SIMD optimization lessons

  • On Cascade Lake (this machine), vpmulld (mullo_epi32) is 10 cycles latency — the dominant bottleneck in rANS encode/decode. On Zen2+ it's 5 cycles.
  • permutevar8x32 (3c) is better than cmpeq+blendv chains for 3-element table lookups. Don't try to replace it with comparison-based selection — more ops at lower latency still loses.
  • Derive values instead of looking them up when cheap: e.g. xmax = freq << 17 saves one permutevar.
  • For encoder renorm (emit bytes), SIMD extract+blend beats scalar spill/reload because state8 feeds directly into the encode step.
  • For decoder renorm (read bytes), scalar spill/reload beats SIMD cmpeq/blend per lane — the byte reads are inherently scalar anyway.

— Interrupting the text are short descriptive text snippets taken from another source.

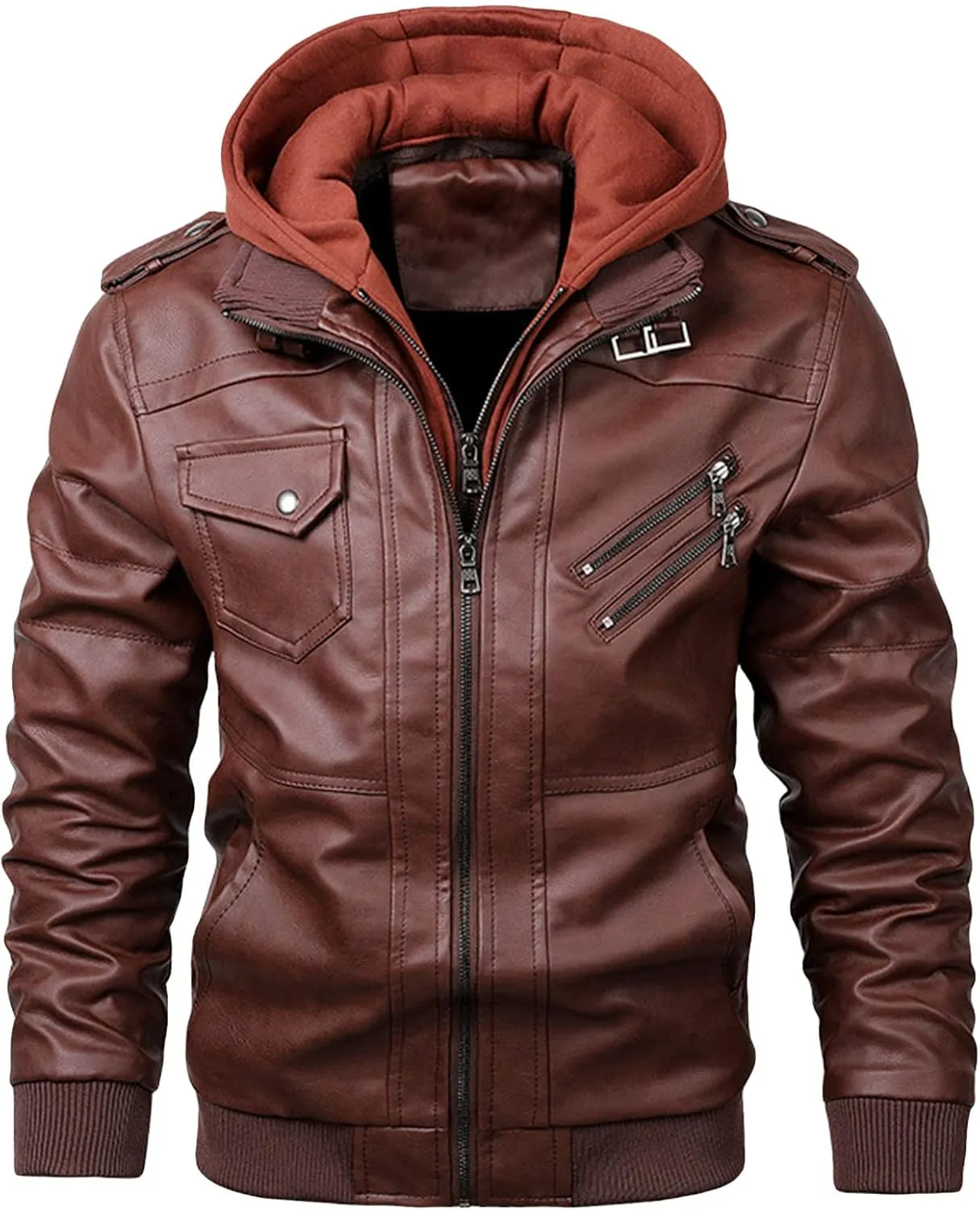 JEsilunmaMY Men's Slim Removable Hood Leather Jacket Casual Stand Collar Zip Up Motorcycle Jacket Fall Winter Bomber Coat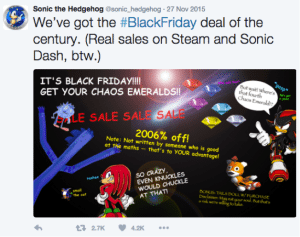 Sonic Black Friday Sales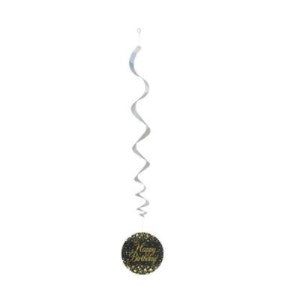 Sparkling Fizz Hanging Swirls Happy Birthday Black / Gold ( 6 Pack)
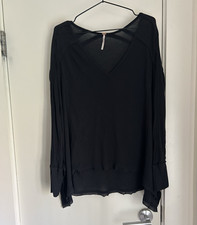 Free People Womens Black Sheer Mesh Knit V-Ne...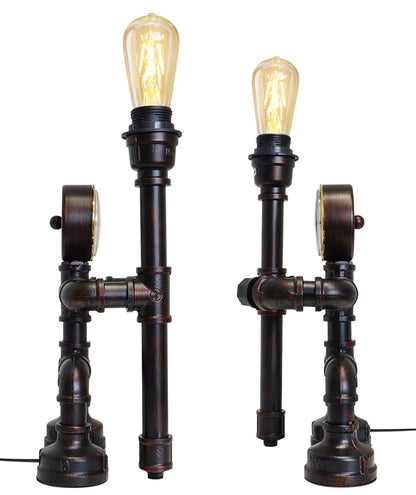 Vintage Industrial Water Pipe Table Lamp Real Clock with 4w - Energy Light Bulbs - Free delivery on all orders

  • Scatter-write to precomputed offsets (8 indexed byte stores per group) is cheaper than a bulk 160-byte transpose pass. Same for scatter-read on the encoder side.
  • Benchmark with min-of-N iterations (N=10) for stable numbers. Single runs have ~15% noise on this machine.
  • #pragma GCC unroll N is critical for loops over constexpr arrays in SIMD code — GCC won't constant-fold array indices through unrolled iterations without it. Measured 44% speedup for forward8.
  • Write tests that measure the actual use case, not proxy metrics. E.g. batch diversity (how many distinct positions per training batch) is more relevant than chi-squared uniformity for ML training quality.
  • Profile with perf annotate before guessing at bottlenecks — intuition about what's slow is often wrong (e.g. the 160-byte transpose was assumed cheap but was 15% of decoder time).